El lenguaje no se almacena solo en una parte del cerebro. Es un proceso en el que participan varias regiones:

  • El área de Broca juega un papel crucial en la producción del lenguaje.
  • El área de Wernicke ayuda con la comprensión.
  • La corteza prefrontal desempeña un papel fundamental en la gestión de qué idioma usamos y cuándo.

Cuando se es bilingüe o políglota, estas áreas trabajan conjuntamente de forma más intensa. El cerebro está constantemente
tomando rápidas decisiones: ¿Qué idioma hablo ahora? ¿Qué palabras uso? ¿Cómo cambio de uno a otro?

Cambiar entre idiomas, lo que se conoce como cambio de código, no se limita al vocabulario. Requiere de un gran control cognitivo. El cerebro debe suprimir un idioma a la vez que activa otro. Esto pone en marcha los sistemas de función ejecutiva. Es como un gimnasio mental. Por eso las personas bilingües a menudo muestran mayores habilidades en: cambios entre tareas, concentración y atención, y resolución de problemas.

Y aquí tienes un dato curioso: los estudios han demostrado que las personas bilingües suelen rendir mejor en tareas que les exigen ignorar las distracciones.

Pero ahora viene lo mejor: ser bilingüe durante mucho tiempo puede cambiar la forma de tu cerebro.

Los científicos han descubierto que se obtiene más materia gris en las partes del cerebro que ayudan con el lenguaje y la concentración. Hay un área, llamada corteza cingulada anterior, que te ayuda a mantener el control cuando ambos idiomas intentan salir al mismo tiempo. Este malabarismo mental esculpe literalmente tu cerebro, haciéndolo más rápido y más flexible.

Pero, ¿cómo se traduce eso en la práctica? ¿Y con qué rapidez podemos realmente cambiar de un idioma a otro?

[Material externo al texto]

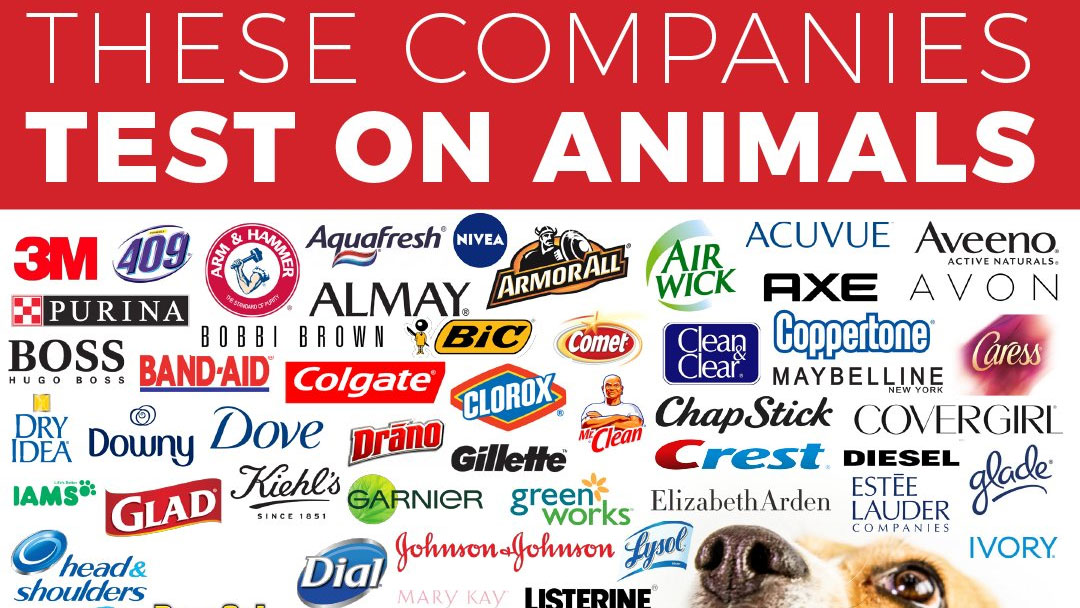 These Companies Test On Animals Meme Template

Los lingüistas han descubierto que los bilingües competentes pueden cambiar de idioma en entre 200 y 300 milisegundos, más rápido que un abrir y cerrar de ojos. Pero esta rapidez depende de:

  • el nivel que tengas en los idiomas,
  • cómo de parecidos sean los dos idiomas,
  • el contexto y el estado emocional.

Y ahora viene lo alucinante: cambiar de idioma también puede cambiar cómo te sientes. Muchas personas bilingües afirman sentirse como una persona ligeramente diferente dependiendo del idioma 
que estén hablando.

¿Por qué?

Porque los idiomas traen consigo diferentes normas culturales o asociaciones emocionales. Por ejemplo: en algunos idiomas, la gente tiende a ser más formal o directa. En otros, más informal o expresiva. Así que si te sientes más seguro, más divertido o más reservado según el idioma que estés hablando, no te lo estás imaginando.

Tu cerebro se adapta socialmente, así como lingüísticamente. ¡Y muchos estudios así lo han demostrado! Un estudio de la Universidad de Chicago descubrió que las personas bilingües toman decisiones más racionales cuando hablan en su lengua no materna. Eso es porque se reduce el sesgo emocional.

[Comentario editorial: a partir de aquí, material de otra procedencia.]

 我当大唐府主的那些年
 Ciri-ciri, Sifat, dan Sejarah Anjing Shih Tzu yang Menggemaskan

Cuando los bilingües cambiaban de idioma, los neurocientíficos, mediante resonancias magnéticas, encontraron una mayor actividad en la parte de la corteza prefrontal asociada con la inhibición y la resolución de conflictos. Así que, en cierto modo,
hablar otro idioma no solo amplía tu vocabulario, sino que reconfigura tu forma de pensar y sentir.

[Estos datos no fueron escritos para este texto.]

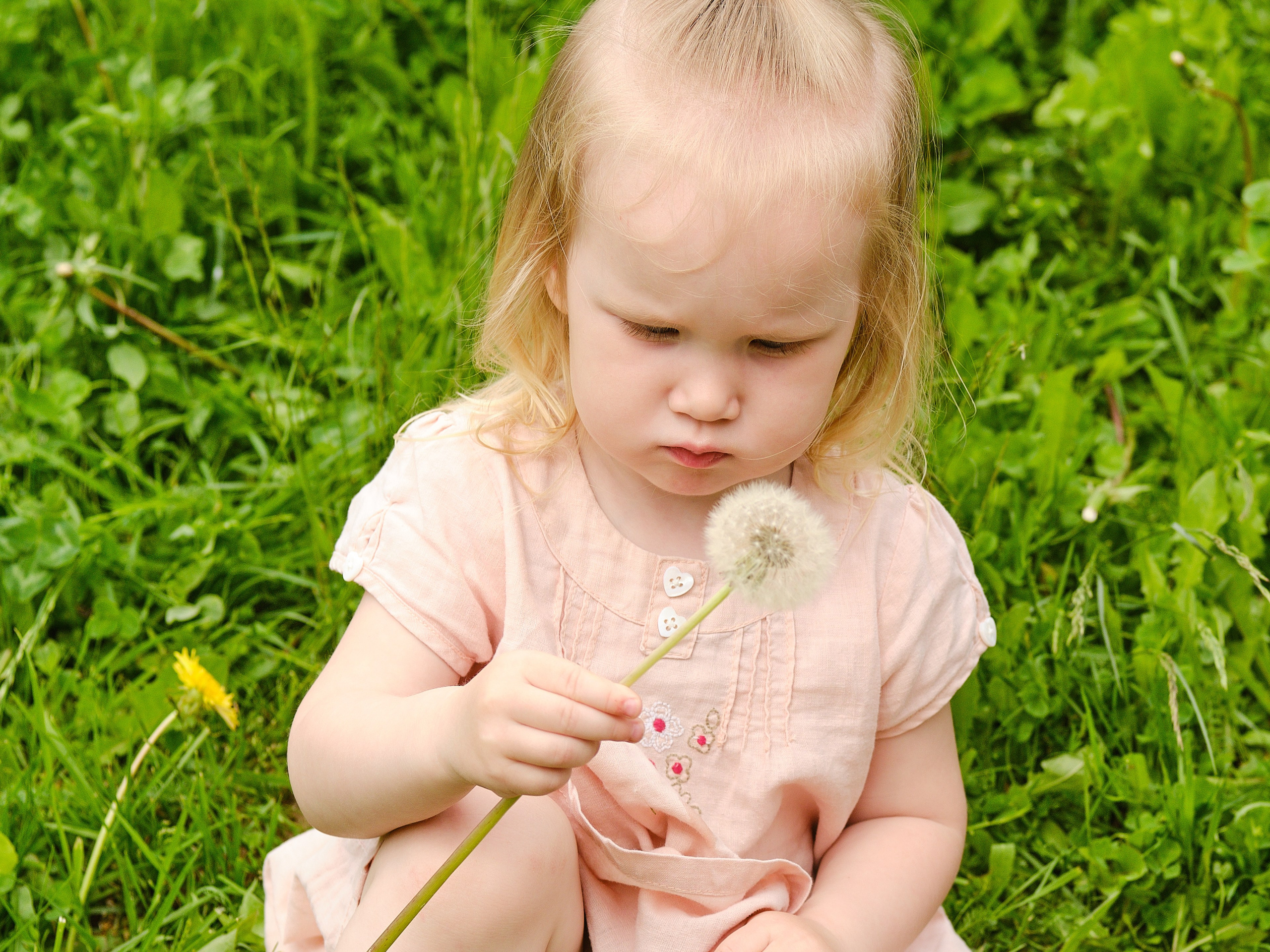 Семейная съёмка (Репортаж)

¿Qué significa todo esto para ti?

Si estás aprendiendo un segundo idioma, no solo estás aprendiendo gramática. Estás mejorando tus neurocircuitos. Incluso el aprendizaje de idiomas a corto plazo puede mejorar la memoria, aumentar la concentración y retrasar el envejecimiento cognitivo (sí, es cierto: el aprendizaje de idiomas está asociado con un inicio más tardío de la demencia).

Y si te cuesta cambiar de un idioma a otro con fluidez, no te estreses. El simple hecho de intentarlo ya fortalece tu cerebro. Con el tiempo, este «músculo» mental se vuelve más eficiente.

¿Quieres mejorar tu habilidad para cambiar de un idioma a otro?

Prueba esto:

  1. Practica ambos idiomas todos los días, aunque solo sean 5–10 minutos.
  2. Pon etiquetas en tu casa con palabras en ambos idiomas.
  3. Habla contigo mismo en el idioma de destino para reforzar el cambio interno.
  4. Usa aplicaciones de repetición espaciada para entrenar la velocidad de recuerdo.
  5. Mira medios bilingües, que cambian de idioma de forma natural.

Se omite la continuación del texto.